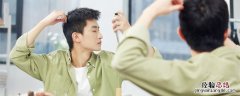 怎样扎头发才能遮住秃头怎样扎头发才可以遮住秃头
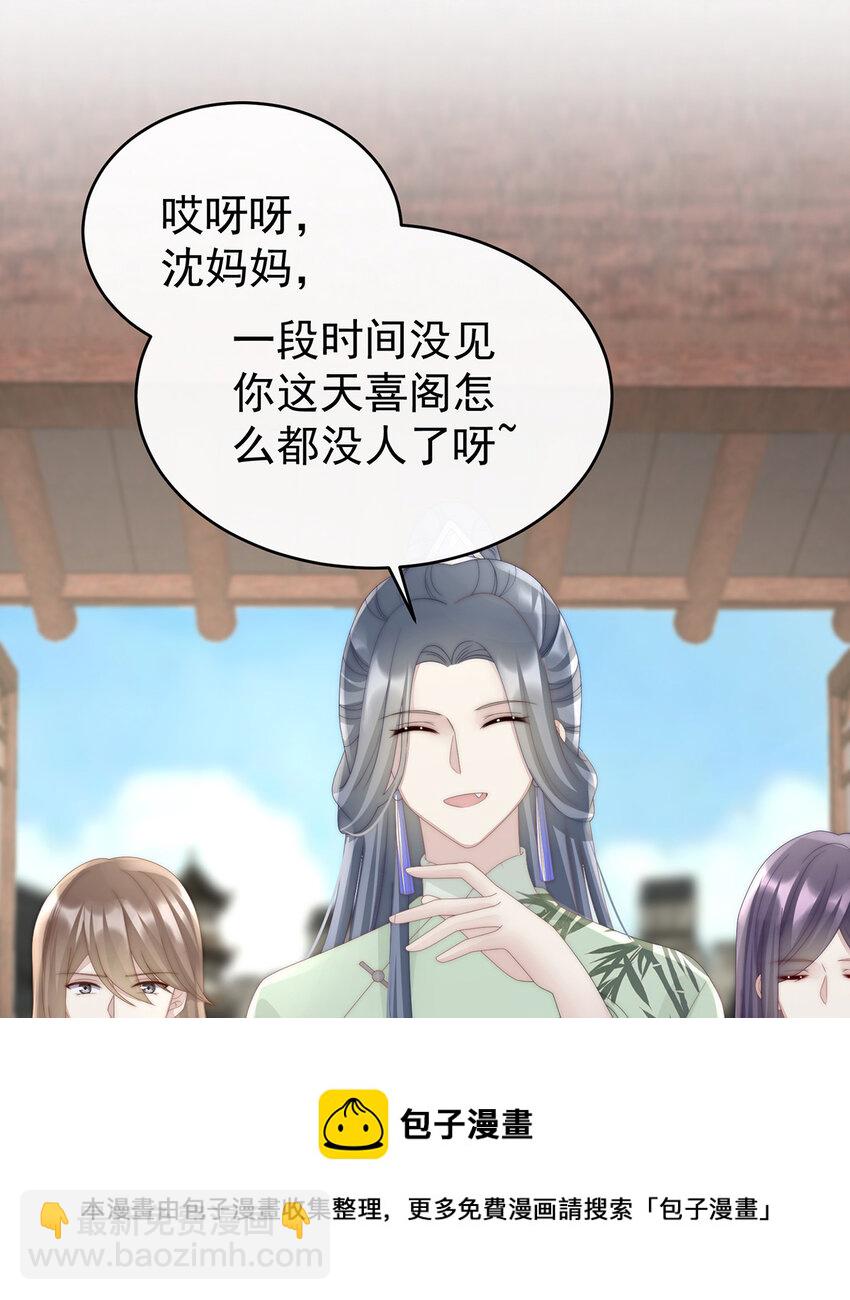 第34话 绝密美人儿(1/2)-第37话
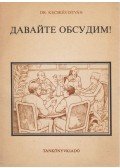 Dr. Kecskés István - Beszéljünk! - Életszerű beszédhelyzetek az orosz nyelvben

● ● ●

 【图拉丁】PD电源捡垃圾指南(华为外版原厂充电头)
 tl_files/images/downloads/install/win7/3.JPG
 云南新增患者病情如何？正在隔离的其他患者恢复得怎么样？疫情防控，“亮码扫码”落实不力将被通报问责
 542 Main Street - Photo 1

● ● ●

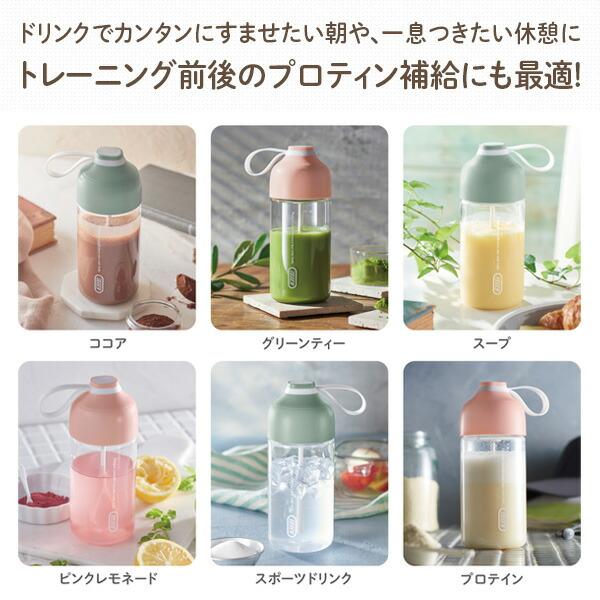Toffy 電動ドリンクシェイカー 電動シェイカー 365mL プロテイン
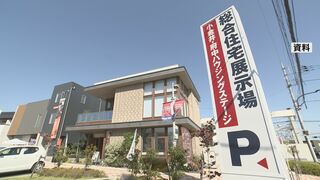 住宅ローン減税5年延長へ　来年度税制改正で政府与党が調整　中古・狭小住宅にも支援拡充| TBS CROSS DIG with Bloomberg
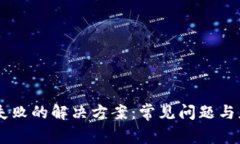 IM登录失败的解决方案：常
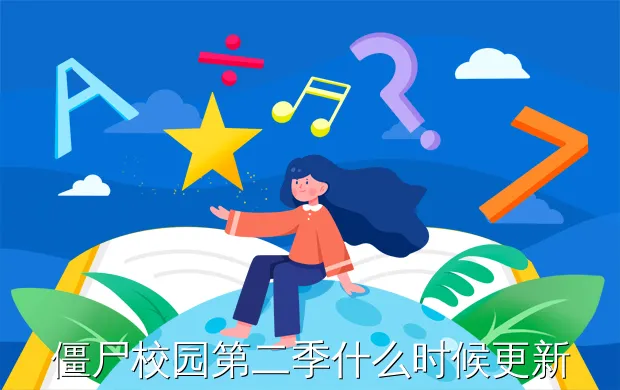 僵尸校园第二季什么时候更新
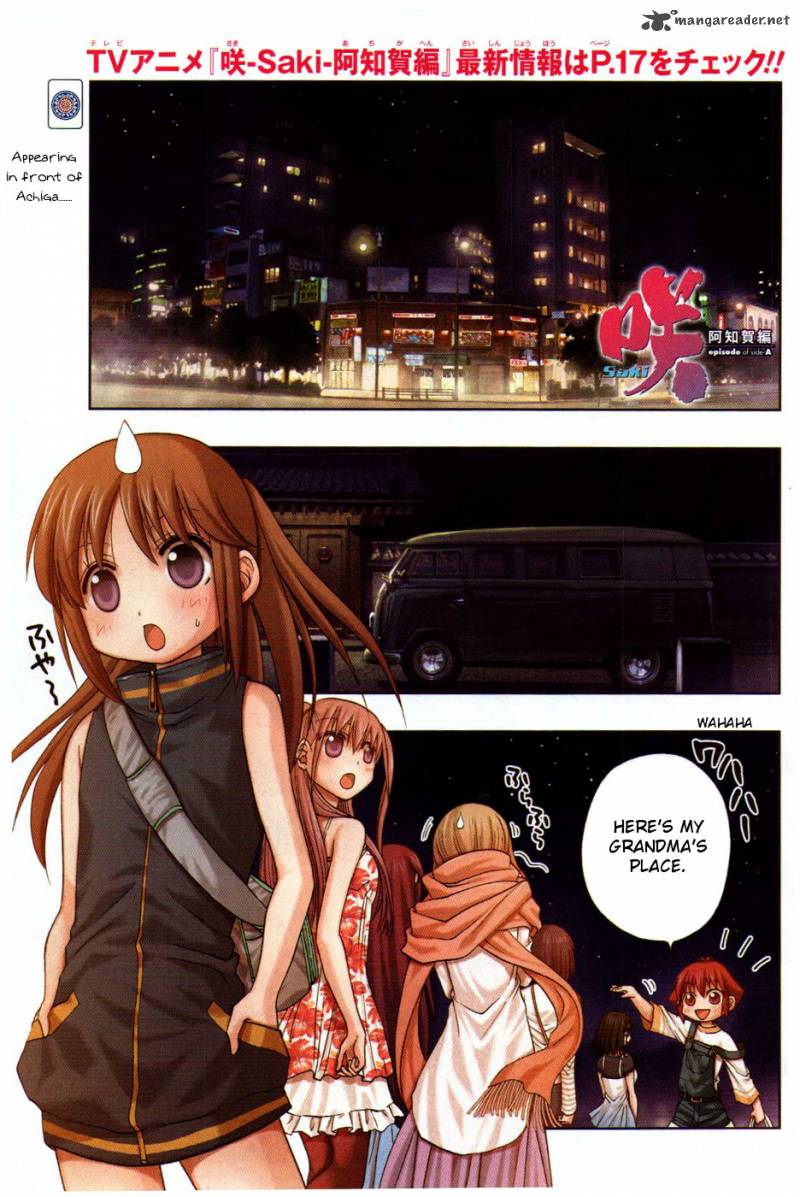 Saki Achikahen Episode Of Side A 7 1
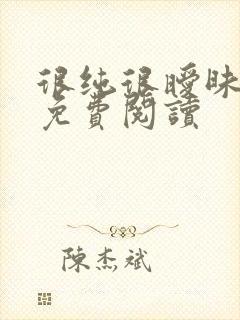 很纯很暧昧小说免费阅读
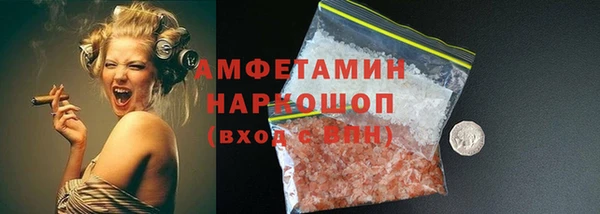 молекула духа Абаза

● ● ●

## TASK TO CARRY OUT
In the listing above, find the line containing "Toffy 電動ドリンクシェイカー 電動シェイカー 365mL プロテイン" and the line containing "молекула духа Абаза", then output those two lines and everything between them exactly as written, without the images.

## ANSWER FOR THIS EXERCISE
Toffy 電動ドリンクシェイカー 電動シェイカー 365mL プロテイン
 住宅ローン減税5年延長へ　来年度税制改正で政府与党が調整　中古・狭小住宅にも支援拡充| TBS CROSS DIG with Bloomberg
 IM登录失败的解决方案：常
 僵尸校园第二季什么时候更新
 Saki Achikahen Episode Of Side A 7 1
 很纯很暧昧小说免费阅读
 молекула духа Абаза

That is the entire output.